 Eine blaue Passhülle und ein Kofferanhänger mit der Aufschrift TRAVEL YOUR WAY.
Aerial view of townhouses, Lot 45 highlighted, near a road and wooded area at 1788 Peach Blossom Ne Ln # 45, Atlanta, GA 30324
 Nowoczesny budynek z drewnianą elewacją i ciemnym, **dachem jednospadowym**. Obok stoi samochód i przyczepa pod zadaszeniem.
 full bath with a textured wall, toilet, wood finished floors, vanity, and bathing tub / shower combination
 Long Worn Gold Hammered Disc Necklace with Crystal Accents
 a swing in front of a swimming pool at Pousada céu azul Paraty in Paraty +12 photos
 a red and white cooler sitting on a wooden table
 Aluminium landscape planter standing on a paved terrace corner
---
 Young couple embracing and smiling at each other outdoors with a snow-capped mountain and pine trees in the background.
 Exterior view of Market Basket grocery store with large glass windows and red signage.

#### YOUR TASK:
Taking the material above, extract exactly and only the lines from the line with "full bath with" to the line with "Aluminium landscape planter", inclusive of both.

#### SOLVED PROBLEM:
 full bath with a textured wall, toilet, wood finished floors, vanity, and bathing tub / shower combination
 Long Worn Gold Hammered Disc Necklace with Crystal Accents
 a swing in front of a swimming pool at Pousada céu azul Paraty in Paraty +12 photos
 a red and white cooler sitting on a wooden table
 Aluminium landscape planter standing on a paved terrace corner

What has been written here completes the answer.